18 Q. In your time in Hrasnica, you heard about modified air-bombs being

19 fired into the city -- into that residential area, as you've just

20 testified about the area being residential?

21 A. No. I didn't see it, and I didn't have such an experience with

22 any air-bombs --

23 JUDGE ROBINSON: Mr. Tapuskovic.

24 MR. TAPUSKOVIC: [Interpretation] Where did the witness testify to

25 that? It was interpreted to us that the witness actually testified about

Page 6784

1 knowing something about the air-bombs. I'm asking where.
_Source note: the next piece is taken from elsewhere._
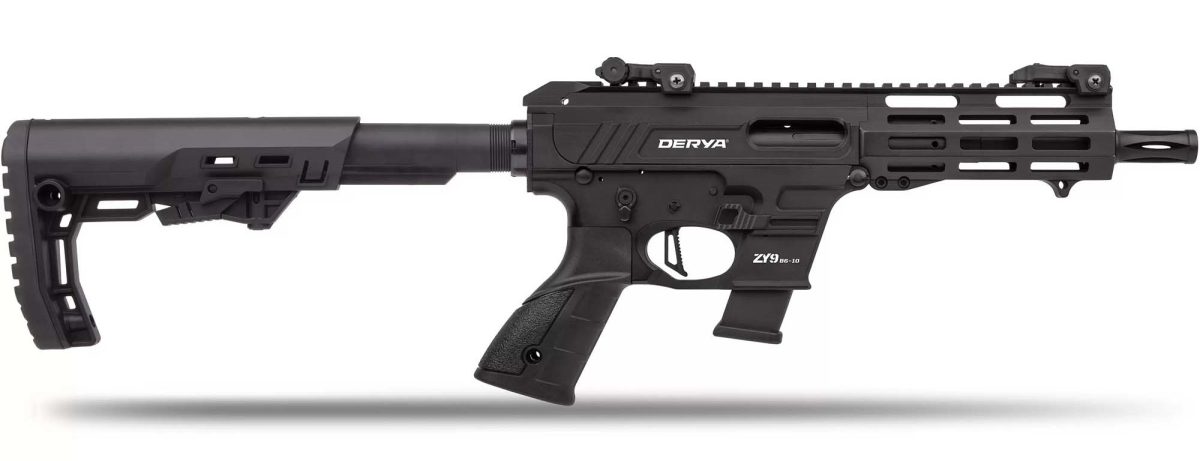 Derya ZY9 B6-10 AR 9x19mm short barrel rifle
2 JUDGE ROBINSON: The question was: "In your time you heard about

3 modified air-bombs being fired into the city," and, "into that residential

4 area, as you have just testified about the area being residential." So

5 the reference to testimony was about the area being residential not that

6 he had testified about the air-bombs.

7 What's your answer to that, Witness? Did you hear when you were

8 in Hrasnica about modified air-bombs being fired into the city?
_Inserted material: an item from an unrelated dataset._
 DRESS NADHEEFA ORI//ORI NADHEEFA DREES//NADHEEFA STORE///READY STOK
9 THE WITNESS: [Interpretation] Your Honour, I don't know what a

10 modified air-bomb is; although I served in the military. As for aviation

11 we, didn't see any sorties in Hrasnica. As far as I know, there was no

12 flying permitted let alone dropping bombs. As for the modified air-bombs,

13 well, could someone please explain to me what it is and maybe then I can.

14 MR. SACHDEVA:

15 Q. That's fine, whether it was a modified air-bomb or mortar or

16 other heavy weapons, you would agree with this proposition that the centre

17 of Hrasnica would not be considered a military target and that it would be

18 inappropriate to send shells into that town. Would you agree with that?

19 A. Yes, yes.

20 MR. SACHDEVA: Mr. President, might I have a second to confer with

21 my colleague?

22 JUDGE ROBINSON: Yes.

23 MR. SACHDEVA: That completes my cross-examination. Thank you.

24 JUDGE ROBINSON: Thank you.

25 JUDGE MINDUA: Have you finished?

Page 6785

1 MR. SACHDEVA: I'm very sorry, Your Honour, I just would like to

2 tender the statement into evidence.

3 THE REGISTRAR: Your Honours, this will go in as P773.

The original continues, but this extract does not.